Jinx
Les tours blanches s’élevant hautes au-dessus de la cité sont le lieu où le pouvoir réside et le futur des cénéphirs se décide. Loreileï le sait et c’est là où elle se trouvera demain. Enfin, elle prévoit de l’être car s’il est une chose qu’elle a apprise depuis sa naissance, c’est que tout ne tourne jamais comme prévu. C’est pourquoi, assise sur la chaise devant sa coiffeuse, elle stressait.
« Cessez de gigoter, mademoiselle ! » la houspilla sa dame de compagnie qui tentait de la coiffer.
« Je ne peux pas m’en empêcher ! J’ai un mauvais pressentiment pour demain… »
C’est à sa mère qui se trouvait à côté d’elle que Loreileï s’adressait. Celle-ci secoua la tête d’un air de désarroi.
« Ne t’inquiète pas, enfant ! Tout se passera bien. Nous y avons pourvu.
- Mais ma malédiction légendaire ! se récria la jeune femme. Souviens-toi de l’élection ! Souviens-toi du concours ! Souviens-toi du reste !
- Il n’en sera pas ainsi cette fois ! Nous avons tout préparé. Nous avons même prié nos dieux pour qu’ils te protègent. Les augures n’ont révélé rien de fâcheux… Tu seras nommée sénatrice demain, comme prévu. »
Loreileï se mordit la lèvre, signe de grande nervosité. Sa mère semblait exaspérée.
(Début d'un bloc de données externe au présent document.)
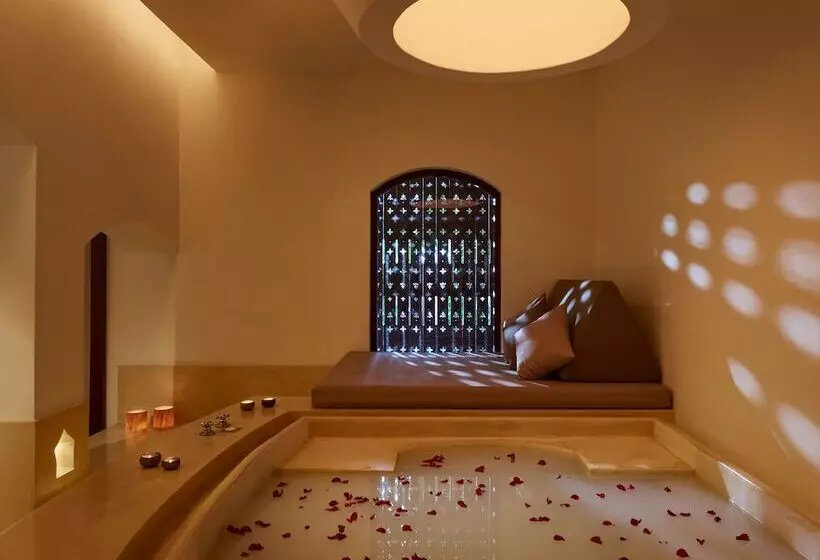 سوییت با استخر, Hyatt Regency Hua Hin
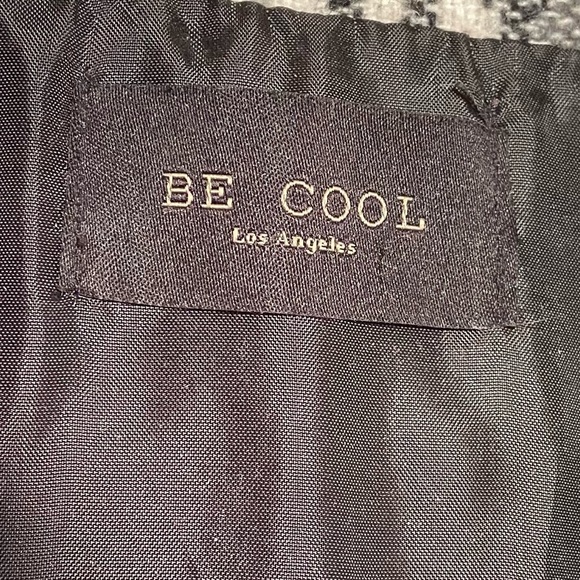 Be Cool Vest - Picture 4 of 9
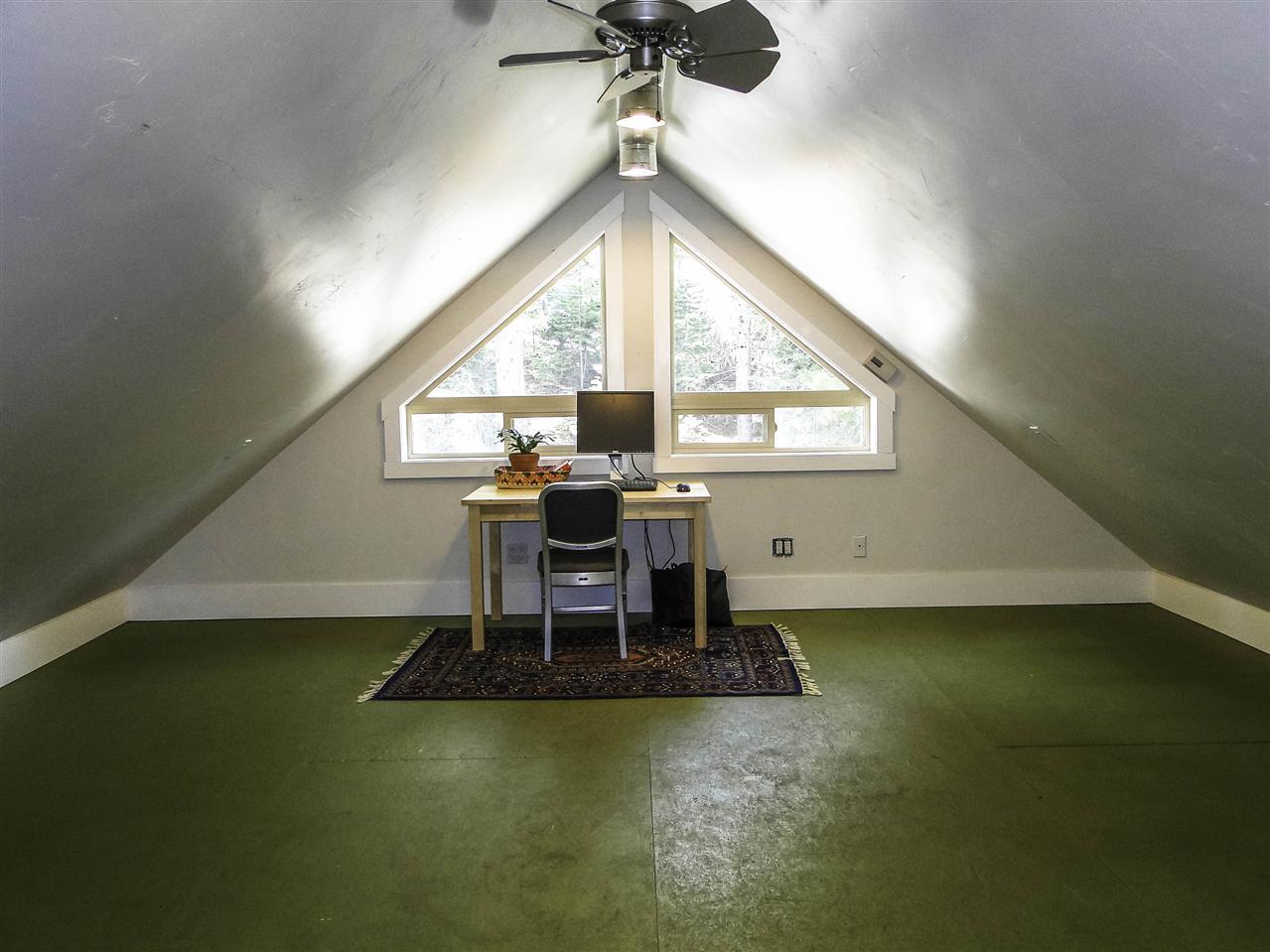 10795 Pine Cone Road Truckee, CA 96161 - Photo 10 of 14 Gallery Image 10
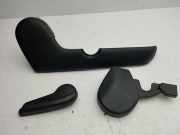 Details zur Sitzverkleidung LEXUS IS II (GSE2_, ALE2_, USE2_) 220d (ALE20) 7181153060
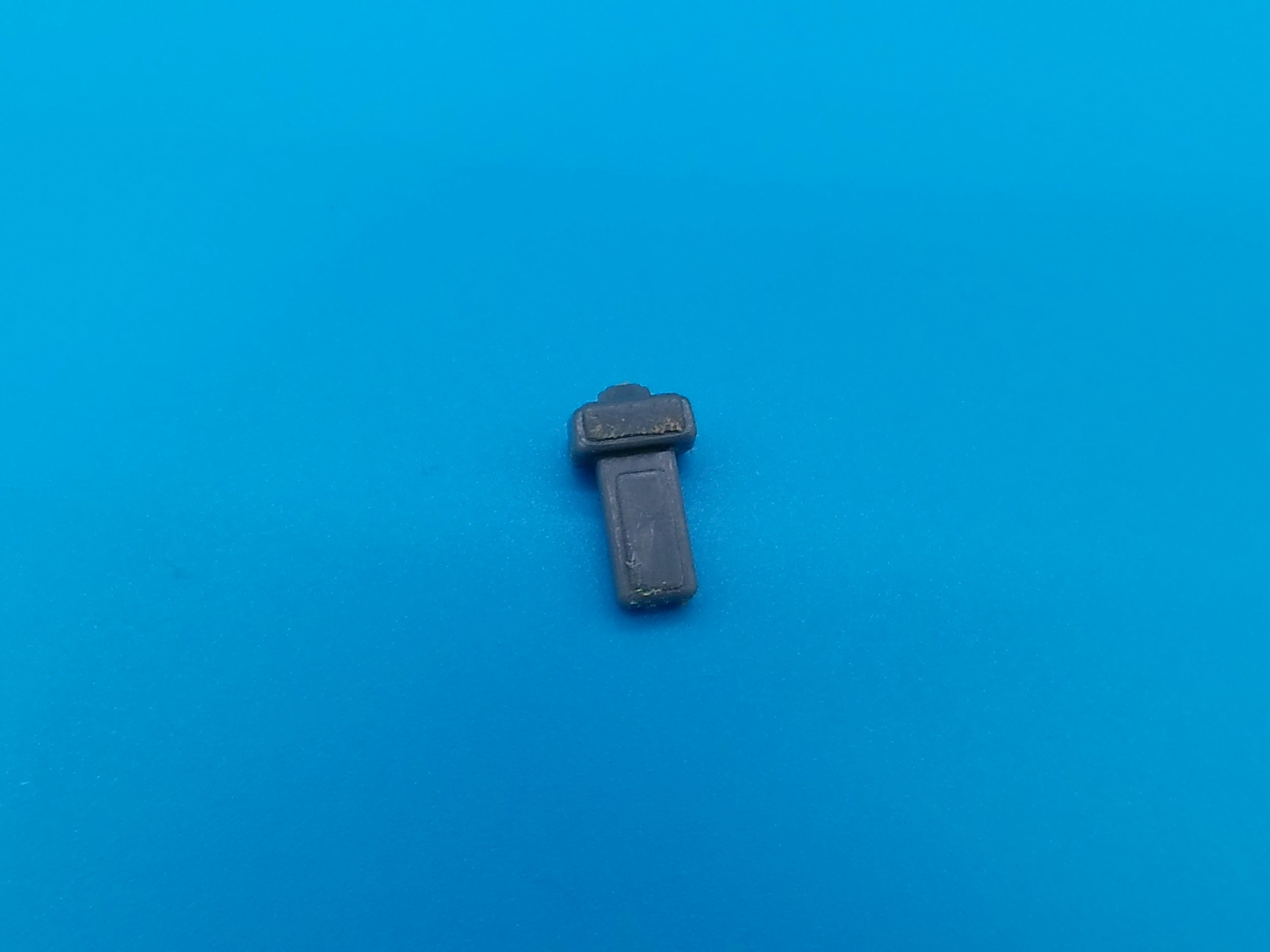 20240604_010738.JPG
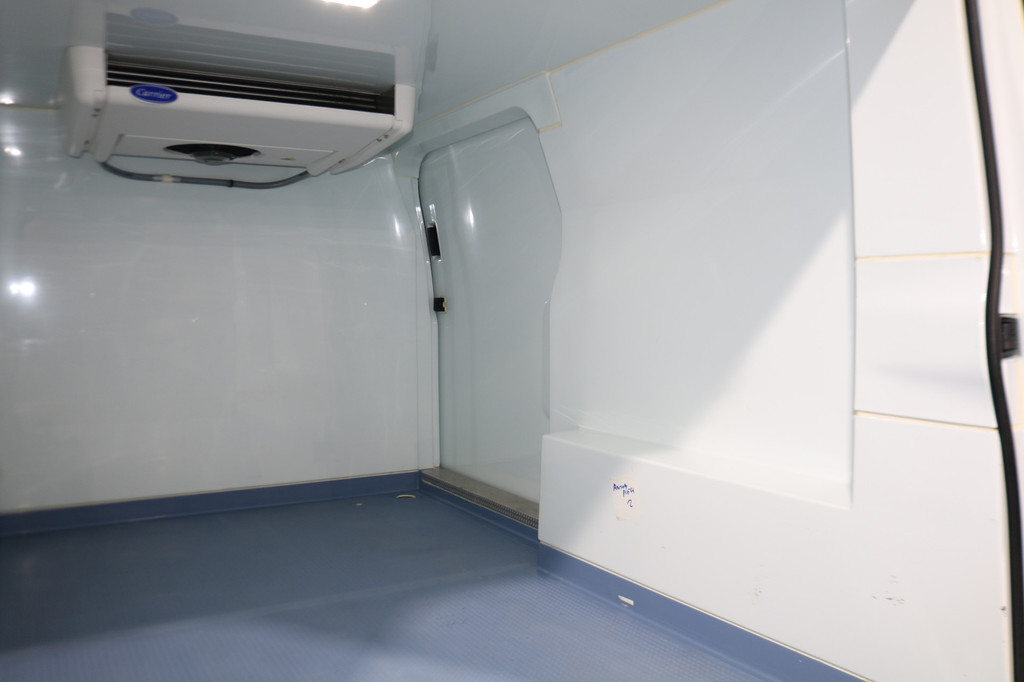 Ford Transit Custom 2.0 TDCI L1H1 Trend Koelwagen 13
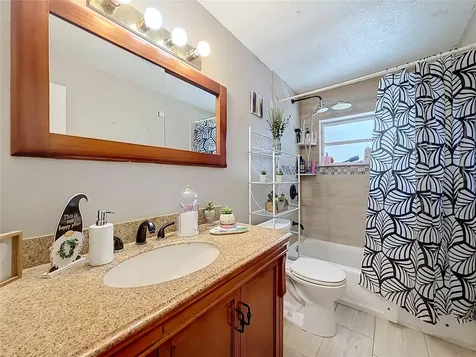 7511 Brockbank Drive Orlando FL 32809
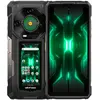 Ulefone ARMOR 33 PRO 5G 16/512GB PHANTOM BLACK, Téléphone portable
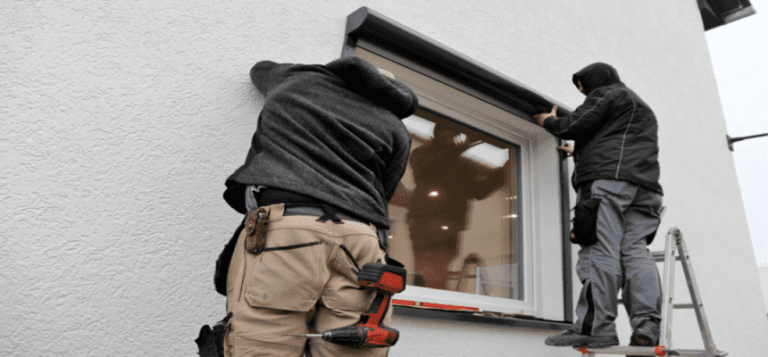 Comment savoir si le moteur de mon volet roulant est mort ?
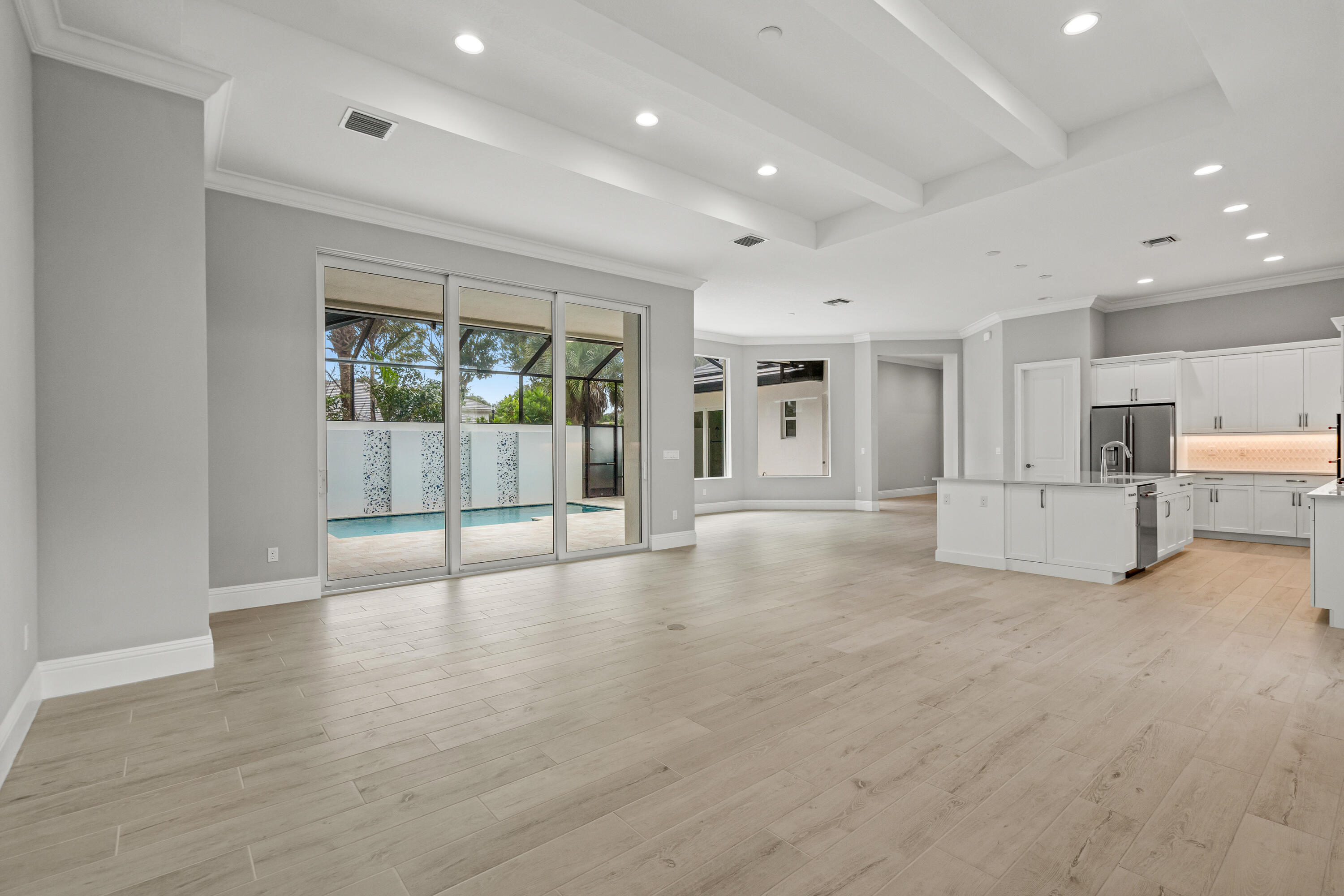 4133 Lucaya Pointe Way Property Photo 21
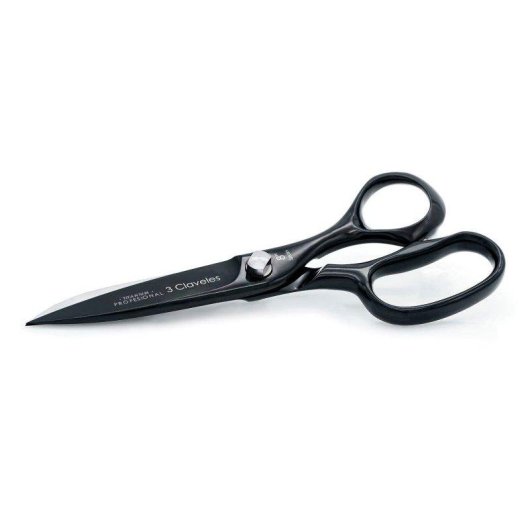 Forbici Multiuso Professionali 3 Claveles 20 cm - 8 pollici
« En tout cas, tu le seras si tu arrêtes de stresser et fais bonne figure ... Et ce n’est pas bien parti ! Tu dois te détendre et essayer de dormir. Sinon, tu seras toute bouffie et sans moyen demain.
- Et si vous alliez faire une petite promenade sur la plage ?, proposa la dame de compagnie. L’air est frais et le coucher de soleil est magnifique en cette saison. Cela vous aidera à vous calmer.
- Bonne idée ! répliqua sa mère. Vas te promener sur la plage ! Cela te changera les idées. »
Loreileï ne trouva pas cette proposition insensée. Elle ressentit même une petite excitation à l’idée de fouler pieds nus le sable fins et chaud sur la plage.
« Bonne idée ! J’y vais de ce pas ! »
Et elle sortit ainsi.
Le ressac de la mer apaisait Loreileï et marcher sur le sable fin lui faisait des petites chatouilles qui la détendaient. Elle sentait encore l'anxiété et l'appréhension qui la rongeaient mais celles-ci avaient été refoulées en second plan et s'étaient tapies dans l'ombre de ses pensées. L'esprit un peu libéré, Loreileï songea à son avenir. La vie qui l'attendait n'allait pas être facile : la vie politique, entre les alliances, les négociations et les prises de position, ne l'est jamais mais c'est le futur qu'elle avait choisi. Demain, jeune sénatrice, dans quelques décades, ministre, et pourquoi pas dans deux ou trois siècles conseillère du Roi lui-même ! Le temps n'est pas un problème lorsque l'on a une vie éternelle comme les cénéphirs. Les quatre-vingt premières années de Loreileï avaient semblé quelques semaines à peine et elle était encore considérée comme très jeune selon les critères de son peuple. Puis elle eut soudain cette angoisse qui la reprit : et si le sort s'acharnait encore sur elle comme tant de fois pendant son enfance ? Elle avait au fond d'elle ce sentiment qu'elle avait été maudite ou quelque chose de la sorte, ce qui l'empêcherait d'être heureuse toute sa vie. À tel point que sa sœur l'avait surnommée "Jinx". Cette pensée la paralysa et elle dut s'arrêter pour endiguer une crise d'angoisse qui montait.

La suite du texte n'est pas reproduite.